### [Problem description]
The lines from the start of the records through the one containing "Spigen Xperia XZ" are to be restated word for word; please include both ends.

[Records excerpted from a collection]

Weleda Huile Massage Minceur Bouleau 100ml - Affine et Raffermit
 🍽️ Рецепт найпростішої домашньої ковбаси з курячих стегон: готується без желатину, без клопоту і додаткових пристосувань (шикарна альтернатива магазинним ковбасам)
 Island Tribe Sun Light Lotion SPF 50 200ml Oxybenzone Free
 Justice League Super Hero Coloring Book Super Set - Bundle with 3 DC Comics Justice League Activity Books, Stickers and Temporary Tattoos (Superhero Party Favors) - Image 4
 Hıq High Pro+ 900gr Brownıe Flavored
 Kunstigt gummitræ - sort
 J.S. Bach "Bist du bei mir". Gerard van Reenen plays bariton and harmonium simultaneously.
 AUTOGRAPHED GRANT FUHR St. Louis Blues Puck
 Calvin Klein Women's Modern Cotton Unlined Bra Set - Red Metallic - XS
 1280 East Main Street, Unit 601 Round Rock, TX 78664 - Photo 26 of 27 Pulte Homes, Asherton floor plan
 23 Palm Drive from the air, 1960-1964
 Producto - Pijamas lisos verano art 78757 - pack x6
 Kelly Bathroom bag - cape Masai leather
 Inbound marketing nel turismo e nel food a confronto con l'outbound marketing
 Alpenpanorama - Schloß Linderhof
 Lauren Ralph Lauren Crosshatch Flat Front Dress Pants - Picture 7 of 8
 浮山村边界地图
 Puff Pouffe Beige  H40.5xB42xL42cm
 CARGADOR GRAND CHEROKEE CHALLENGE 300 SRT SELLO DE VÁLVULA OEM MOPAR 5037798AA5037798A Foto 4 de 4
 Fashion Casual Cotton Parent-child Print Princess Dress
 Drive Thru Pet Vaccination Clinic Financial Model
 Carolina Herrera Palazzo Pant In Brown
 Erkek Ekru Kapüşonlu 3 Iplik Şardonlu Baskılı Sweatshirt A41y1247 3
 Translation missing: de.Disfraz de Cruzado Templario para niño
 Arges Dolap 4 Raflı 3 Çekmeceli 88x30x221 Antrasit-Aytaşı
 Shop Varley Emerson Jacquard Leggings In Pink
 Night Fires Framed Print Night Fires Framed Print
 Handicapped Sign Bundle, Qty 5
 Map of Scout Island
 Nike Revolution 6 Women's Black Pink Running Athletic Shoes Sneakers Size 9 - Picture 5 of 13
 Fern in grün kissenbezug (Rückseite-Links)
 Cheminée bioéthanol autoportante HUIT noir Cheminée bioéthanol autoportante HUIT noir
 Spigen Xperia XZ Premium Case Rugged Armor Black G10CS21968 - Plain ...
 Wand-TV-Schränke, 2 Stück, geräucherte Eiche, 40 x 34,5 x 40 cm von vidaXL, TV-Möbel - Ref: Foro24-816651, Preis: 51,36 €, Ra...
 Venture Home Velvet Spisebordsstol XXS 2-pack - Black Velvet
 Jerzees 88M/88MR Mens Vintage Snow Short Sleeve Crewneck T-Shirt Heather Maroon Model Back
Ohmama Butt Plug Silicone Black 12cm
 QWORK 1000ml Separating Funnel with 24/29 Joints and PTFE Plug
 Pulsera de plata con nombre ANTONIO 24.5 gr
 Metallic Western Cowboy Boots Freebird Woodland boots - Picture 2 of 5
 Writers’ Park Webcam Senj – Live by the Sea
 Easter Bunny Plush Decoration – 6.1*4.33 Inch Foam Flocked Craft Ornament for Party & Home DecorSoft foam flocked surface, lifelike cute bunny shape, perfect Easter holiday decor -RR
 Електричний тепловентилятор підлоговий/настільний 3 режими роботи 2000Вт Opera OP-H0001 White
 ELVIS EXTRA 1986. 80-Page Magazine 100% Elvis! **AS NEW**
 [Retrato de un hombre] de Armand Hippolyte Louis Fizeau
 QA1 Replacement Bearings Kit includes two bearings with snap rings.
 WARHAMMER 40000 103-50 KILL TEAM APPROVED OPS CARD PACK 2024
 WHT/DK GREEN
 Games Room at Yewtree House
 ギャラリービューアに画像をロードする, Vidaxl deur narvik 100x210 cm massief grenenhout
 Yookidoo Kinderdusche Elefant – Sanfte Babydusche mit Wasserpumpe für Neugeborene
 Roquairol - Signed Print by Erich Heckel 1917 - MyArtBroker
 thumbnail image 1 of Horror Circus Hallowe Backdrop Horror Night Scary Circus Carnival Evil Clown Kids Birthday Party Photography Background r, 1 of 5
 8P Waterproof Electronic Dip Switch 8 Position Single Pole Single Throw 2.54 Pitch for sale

### [Task response]
Weleda Huile Massage Minceur Bouleau 100ml - Affine et Raffermit
 🍽️ Рецепт найпростішої домашньої ковбаси з курячих стегон: готується без желатину, без клопоту і додаткових пристосувань (шикарна альтернатива магазинним ковбасам)
 Island Tribe Sun Light Lotion SPF 50 200ml Oxybenzone Free
 Justice League Super Hero Coloring Book Super Set - Bundle with 3 DC Comics Justice League Activity Books, Stickers and Temporary Tattoos (Superhero Party Favors) - Image 4
 Hıq High Pro+ 900gr Brownıe Flavored
 Kunstigt gummitræ - sort
 J.S. Bach "Bist du bei mir". Gerard van Reenen plays bariton and harmonium simultaneously.
 AUTOGRAPHED GRANT FUHR St. Louis Blues Puck
 Calvin Klein Women's Modern Cotton Unlined Bra Set - Red Metallic - XS
 1280 East Main Street, Unit 601 Round Rock, TX 78664 - Photo 26 of 27 Pulte Homes, Asherton floor plan
 23 Palm Drive from the air, 1960-1964
 Producto - Pijamas lisos verano art 78757 - pack x6
 Kelly Bathroom bag - cape Masai leather
 Inbound marketing nel turismo e nel food a confronto con l'outbound marketing
 Alpenpanorama - Schloß Linderhof
 Lauren Ralph Lauren Crosshatch Flat Front Dress Pants - Picture 7 of 8
 浮山村边界地图
 Puff Pouffe Beige  H40.5xB42xL42cm
 CARGADOR GRAND CHEROKEE CHALLENGE 300 SRT SELLO DE VÁLVULA OEM MOPAR 5037798AA5037798A Foto 4 de 4
 Fashion Casual Cotton Parent-child Print Princess Dress
 Drive Thru Pet Vaccination Clinic Financial Model
 Carolina Herrera Palazzo Pant In Brown
 Erkek Ekru Kapüşonlu 3 Iplik Şardonlu Baskılı Sweatshirt A41y1247 3
 Translation missing: de.Disfraz de Cruzado Templario para niño
 Arges Dolap 4 Raflı 3 Çekmeceli 88x30x221 Antrasit-Aytaşı
 Shop Varley Emerson Jacquard Leggings In Pink
 Night Fires Framed Print Night Fires Framed Print
 Handicapped Sign Bundle, Qty 5
 Map of Scout Island
 Nike Revolution 6 Women's Black Pink Running Athletic Shoes Sneakers Size 9 - Picture 5 of 13
 Fern in grün kissenbezug (Rückseite-Links)
 Cheminée bioéthanol autoportante HUIT noir Cheminée bioéthanol autoportante HUIT noir
 Spigen Xperia XZ Premium Case Rugged Armor Black G10CS21968 - Plain ...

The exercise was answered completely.